Create file nn_xor.py

# import the necessary packages from neuralnetwork import NeuralNetwork import numpy as np # Building an XOR dataset X = np.array([[0, 0], [0, 1], [1, 0], [1, 1]]) y = np.array([[0], [1], [1], [0]]) # Define and train neural networks nn = NeuralNetwork([2, 2, 1], alpha=0.5) nn.fit(X, y, epochs=20000) # Make predictions for (x, target) in zip(X, y): # Cloud survey and print results pred = nn.predict(x)[0][0] step = 1 if pred > 0.5 else 0 print("[INFO] data={}, ground-truth={}, pred={:.4f}, step={}".format(x, target[0], pred, step))

Execute the file, and the output is as follows

For each data point, the neural network can correctly learn the XOR mode, which proves that our multilayer neural network can learn nonlinear functions.

In order to prove that learning XOR function requires at least one hidden layer, we modify the above code nn = NeuralNetwork([2, 2, 1], alpha=0.5) to NeuralNetwork([2, 1], alpha=0.5), and then retrain to obtain the following output.

No matter how you adjust the learning rate or weight initialization, you can never approach the XOR function.

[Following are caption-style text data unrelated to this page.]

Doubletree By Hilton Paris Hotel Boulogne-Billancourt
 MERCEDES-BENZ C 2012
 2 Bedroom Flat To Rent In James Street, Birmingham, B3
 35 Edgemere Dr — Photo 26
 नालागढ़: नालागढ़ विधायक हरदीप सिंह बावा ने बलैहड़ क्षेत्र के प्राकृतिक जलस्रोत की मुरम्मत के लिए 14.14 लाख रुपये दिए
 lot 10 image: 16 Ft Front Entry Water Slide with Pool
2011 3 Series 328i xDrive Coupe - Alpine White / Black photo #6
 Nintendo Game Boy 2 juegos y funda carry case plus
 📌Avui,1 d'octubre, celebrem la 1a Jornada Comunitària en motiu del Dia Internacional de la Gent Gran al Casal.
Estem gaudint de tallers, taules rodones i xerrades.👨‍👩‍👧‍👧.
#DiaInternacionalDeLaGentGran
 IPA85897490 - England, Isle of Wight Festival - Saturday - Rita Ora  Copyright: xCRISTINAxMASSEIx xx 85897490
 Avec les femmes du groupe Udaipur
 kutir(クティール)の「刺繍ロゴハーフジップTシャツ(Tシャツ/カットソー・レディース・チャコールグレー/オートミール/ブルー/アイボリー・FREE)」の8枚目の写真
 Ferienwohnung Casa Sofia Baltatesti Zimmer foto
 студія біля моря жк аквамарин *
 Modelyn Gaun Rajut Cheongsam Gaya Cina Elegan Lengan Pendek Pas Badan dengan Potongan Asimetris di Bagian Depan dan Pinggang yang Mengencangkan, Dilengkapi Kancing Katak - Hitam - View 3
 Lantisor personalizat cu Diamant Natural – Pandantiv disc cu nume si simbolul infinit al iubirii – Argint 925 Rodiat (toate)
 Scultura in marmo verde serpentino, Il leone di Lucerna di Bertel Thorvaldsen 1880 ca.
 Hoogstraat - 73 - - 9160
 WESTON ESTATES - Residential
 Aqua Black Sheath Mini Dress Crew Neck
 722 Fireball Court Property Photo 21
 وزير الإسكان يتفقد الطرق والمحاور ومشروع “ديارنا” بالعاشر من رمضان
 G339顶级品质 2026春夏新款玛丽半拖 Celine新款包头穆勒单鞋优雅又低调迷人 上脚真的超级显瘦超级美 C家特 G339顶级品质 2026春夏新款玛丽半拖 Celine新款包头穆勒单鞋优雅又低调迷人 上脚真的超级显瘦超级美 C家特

This is why multilayer networks with nonlinear activation functions trained by back propagation are so important.

## 5. Example 2 - MINST dataset

The second example is a subset of MNIST data set (below) for handwritten numeral recognition. This subset of the MNIST dataset is built into the scikit learn library and includes 1797 sample numbers, each 8 × 8 grayscale images (original image is 28) × 28). When flattened, each image is an 8 × 8 = 64 dimensional vector.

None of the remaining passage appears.